XML/SGML to TeX-like languages

This example shows how a simple document can be translated into a TeX-like markup language. Note the translate rule used with the break-width and replacement-break declarations. This is a standard way of processing data content without worrying about how the lines are broken originally.

Old part numbers are printed in lowercase only. New part numbers are printed with uppercase letters. The title is not broken or stripped. Paragraph text is stripped, and this stripping is inherited by the "part" and "old part" elements.

A typical document may look like this:

  <!doctype doc [
  <!element doc        o o (title, para+)>
  <!element title      o o (#pcdata)>
  <!element para       - o (#pcdata|part|old-part)*>
  <!element part       - - (#pcdata)>
  <!element old-part   - - (#pcdata)>
  ]>
  Acme Llama and Haggis Supply Parts catalog,
  Fall, 1973
  <para>
  Our new stock includes three new Peruvian llamas (ask for
  <part/lL-33-864/). We have also located a new haggis supplier in
  Singapore (<part/gG-33-865/), and are no longer carrying
  <old-part/Yh5-33-863A/, as our supplier in the Maldives is no longer in
  business. This change should handle some of your requests.
  <para>
  As usual,
  we at Acme are looking forward to meeting your needs this fall.

The output, which can be sent to a formatter, appears as follows:

  \title{Acme Llama and Haggis Supply Parts catalog, Fall, 1973}
  
      Our new stock includes three new
  Peruvian llamas (ask for
  \part{LL-33-864}). We have also located
  a new haggis supplier in Singapore
  (\part{GG-33-865}), and are no longer
  carrying \part{yh5-33-863a}, as our
  supplier in the Maldives is no longer in
  business. This change should handle some
  of your requests.
  
      As usual, we at Acme are looking
  forward to meeting your needs this fall.

The formatter instruction \part appears in lowercase despite the u modifier on the %c operator in the part element rule. This is because it is part of a format string and not copied data content.

%c modifiers do not usually apply to text explicitly output by the OmniMark program. The exceptions are %sn, %st, and %s_. The s modifier in a %c causes all the strippable white space to be eliminated.
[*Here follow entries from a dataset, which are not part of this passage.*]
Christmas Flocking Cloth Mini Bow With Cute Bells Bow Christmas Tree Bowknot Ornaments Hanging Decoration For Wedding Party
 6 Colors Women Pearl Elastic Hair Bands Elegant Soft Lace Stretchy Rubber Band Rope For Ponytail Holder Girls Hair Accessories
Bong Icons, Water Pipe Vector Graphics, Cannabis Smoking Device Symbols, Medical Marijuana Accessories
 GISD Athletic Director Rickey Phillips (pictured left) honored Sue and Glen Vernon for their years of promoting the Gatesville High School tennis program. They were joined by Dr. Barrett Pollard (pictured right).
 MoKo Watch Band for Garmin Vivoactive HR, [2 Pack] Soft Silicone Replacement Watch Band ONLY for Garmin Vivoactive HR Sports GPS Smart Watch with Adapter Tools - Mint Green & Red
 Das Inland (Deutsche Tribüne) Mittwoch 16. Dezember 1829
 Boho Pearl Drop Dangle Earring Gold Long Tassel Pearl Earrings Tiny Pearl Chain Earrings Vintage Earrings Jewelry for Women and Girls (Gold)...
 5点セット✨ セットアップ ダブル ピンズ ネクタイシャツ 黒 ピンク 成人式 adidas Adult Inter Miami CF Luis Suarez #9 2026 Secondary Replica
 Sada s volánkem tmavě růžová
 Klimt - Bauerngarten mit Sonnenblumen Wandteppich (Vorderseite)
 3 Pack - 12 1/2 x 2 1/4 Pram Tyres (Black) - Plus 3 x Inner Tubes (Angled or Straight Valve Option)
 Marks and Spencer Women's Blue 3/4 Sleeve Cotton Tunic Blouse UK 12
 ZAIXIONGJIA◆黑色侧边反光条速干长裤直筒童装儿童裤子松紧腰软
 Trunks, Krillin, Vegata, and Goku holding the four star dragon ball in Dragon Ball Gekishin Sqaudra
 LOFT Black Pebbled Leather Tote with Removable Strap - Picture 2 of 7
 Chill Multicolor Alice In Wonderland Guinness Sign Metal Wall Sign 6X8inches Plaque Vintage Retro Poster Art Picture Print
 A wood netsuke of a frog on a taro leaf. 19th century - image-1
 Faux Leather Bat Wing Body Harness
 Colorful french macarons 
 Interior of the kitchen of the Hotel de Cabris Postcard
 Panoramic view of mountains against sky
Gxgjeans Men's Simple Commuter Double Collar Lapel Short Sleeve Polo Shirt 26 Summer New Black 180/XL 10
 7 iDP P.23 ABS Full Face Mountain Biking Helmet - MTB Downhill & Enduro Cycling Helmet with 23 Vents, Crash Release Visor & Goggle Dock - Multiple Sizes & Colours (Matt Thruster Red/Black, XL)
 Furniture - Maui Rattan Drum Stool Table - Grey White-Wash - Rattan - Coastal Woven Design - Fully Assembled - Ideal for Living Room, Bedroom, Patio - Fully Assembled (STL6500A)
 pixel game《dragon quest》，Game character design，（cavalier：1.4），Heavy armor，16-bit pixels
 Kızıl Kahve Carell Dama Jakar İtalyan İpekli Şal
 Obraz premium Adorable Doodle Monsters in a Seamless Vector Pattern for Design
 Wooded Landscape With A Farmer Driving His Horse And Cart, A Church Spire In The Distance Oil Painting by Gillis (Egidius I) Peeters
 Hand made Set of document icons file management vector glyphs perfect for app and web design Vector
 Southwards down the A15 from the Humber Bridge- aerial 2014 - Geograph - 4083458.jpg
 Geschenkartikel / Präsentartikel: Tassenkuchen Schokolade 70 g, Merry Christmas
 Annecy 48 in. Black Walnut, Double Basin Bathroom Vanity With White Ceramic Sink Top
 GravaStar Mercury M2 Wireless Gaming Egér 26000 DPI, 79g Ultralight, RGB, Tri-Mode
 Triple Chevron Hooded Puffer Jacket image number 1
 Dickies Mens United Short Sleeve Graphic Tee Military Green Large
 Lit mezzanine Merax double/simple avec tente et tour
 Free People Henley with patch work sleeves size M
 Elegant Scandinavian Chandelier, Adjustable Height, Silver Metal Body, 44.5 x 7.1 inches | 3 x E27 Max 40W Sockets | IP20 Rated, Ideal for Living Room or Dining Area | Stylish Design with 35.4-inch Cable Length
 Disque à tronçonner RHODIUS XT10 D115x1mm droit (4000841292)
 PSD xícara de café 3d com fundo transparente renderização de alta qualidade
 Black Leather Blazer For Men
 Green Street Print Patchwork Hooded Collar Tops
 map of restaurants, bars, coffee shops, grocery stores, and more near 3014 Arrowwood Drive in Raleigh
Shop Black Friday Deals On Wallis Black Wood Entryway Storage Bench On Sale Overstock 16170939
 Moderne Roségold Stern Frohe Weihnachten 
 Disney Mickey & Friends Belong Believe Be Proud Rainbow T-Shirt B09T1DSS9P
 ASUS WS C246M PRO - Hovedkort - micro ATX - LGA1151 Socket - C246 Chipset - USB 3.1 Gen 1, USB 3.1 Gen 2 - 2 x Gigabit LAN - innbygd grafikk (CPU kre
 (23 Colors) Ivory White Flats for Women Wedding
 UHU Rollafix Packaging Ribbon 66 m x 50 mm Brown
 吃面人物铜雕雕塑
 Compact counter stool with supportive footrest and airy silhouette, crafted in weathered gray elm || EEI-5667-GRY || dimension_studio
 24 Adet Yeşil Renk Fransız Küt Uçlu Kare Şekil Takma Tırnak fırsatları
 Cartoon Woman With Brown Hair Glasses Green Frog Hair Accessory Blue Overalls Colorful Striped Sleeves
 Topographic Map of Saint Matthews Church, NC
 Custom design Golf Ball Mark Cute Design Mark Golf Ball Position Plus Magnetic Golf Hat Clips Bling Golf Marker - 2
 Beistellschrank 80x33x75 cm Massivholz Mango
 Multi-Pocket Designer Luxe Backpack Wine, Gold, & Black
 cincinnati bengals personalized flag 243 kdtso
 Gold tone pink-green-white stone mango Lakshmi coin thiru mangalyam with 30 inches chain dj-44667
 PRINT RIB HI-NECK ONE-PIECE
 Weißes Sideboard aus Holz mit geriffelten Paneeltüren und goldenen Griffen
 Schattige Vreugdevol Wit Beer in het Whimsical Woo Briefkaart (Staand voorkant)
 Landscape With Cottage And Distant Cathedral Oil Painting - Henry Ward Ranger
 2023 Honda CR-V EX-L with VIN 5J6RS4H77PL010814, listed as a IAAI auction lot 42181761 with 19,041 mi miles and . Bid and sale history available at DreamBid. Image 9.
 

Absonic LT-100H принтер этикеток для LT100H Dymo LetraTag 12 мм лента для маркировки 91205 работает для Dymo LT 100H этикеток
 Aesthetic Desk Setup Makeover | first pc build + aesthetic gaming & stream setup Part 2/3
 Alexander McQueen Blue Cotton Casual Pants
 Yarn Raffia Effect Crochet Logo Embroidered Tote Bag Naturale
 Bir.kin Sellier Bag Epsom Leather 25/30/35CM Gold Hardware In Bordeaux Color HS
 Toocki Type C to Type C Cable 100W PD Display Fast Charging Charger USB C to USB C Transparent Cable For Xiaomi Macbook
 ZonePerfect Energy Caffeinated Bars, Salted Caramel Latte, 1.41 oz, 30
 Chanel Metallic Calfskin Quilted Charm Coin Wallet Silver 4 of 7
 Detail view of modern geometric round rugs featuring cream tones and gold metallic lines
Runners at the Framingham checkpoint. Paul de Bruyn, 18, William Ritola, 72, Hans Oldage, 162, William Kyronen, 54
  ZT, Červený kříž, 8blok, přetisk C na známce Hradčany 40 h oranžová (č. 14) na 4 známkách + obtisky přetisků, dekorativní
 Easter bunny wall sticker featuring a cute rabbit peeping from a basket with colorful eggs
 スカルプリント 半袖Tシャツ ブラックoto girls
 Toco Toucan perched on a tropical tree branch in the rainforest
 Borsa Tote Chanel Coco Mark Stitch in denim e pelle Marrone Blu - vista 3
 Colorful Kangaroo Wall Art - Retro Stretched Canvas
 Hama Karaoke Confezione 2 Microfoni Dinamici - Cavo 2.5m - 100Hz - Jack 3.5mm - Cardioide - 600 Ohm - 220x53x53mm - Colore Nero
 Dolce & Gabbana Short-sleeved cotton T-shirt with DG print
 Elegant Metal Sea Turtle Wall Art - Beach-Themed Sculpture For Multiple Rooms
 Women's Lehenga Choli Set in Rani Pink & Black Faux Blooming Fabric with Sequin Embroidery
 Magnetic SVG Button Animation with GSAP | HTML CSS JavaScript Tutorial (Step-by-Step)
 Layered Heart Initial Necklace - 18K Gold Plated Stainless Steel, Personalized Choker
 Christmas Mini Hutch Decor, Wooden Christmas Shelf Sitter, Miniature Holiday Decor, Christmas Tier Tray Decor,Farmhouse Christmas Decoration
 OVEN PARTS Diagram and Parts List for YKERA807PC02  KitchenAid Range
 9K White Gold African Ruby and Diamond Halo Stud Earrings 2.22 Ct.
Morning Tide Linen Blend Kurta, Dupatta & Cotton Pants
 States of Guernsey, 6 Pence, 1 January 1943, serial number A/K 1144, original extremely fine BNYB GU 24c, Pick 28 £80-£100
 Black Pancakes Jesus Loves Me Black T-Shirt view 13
The s modifier in a %t, %n, or %_ format item marks that item as strippable.

  element "doc"
    output "%c"
  
  element "para"
    output "%n" when previous is "para"
    output "%_%_%_%_%sc%n"
  
  element "part"
    output "\part{%uc}"
  
  element "old-part"
    output "\part{%lc}"
  
  element "title"
    output "\title{%hc}%n%n"
  
  translate "%n"
    output "%/%s_"
  
  break-width 40
  
  replacement-break "%_" "%n"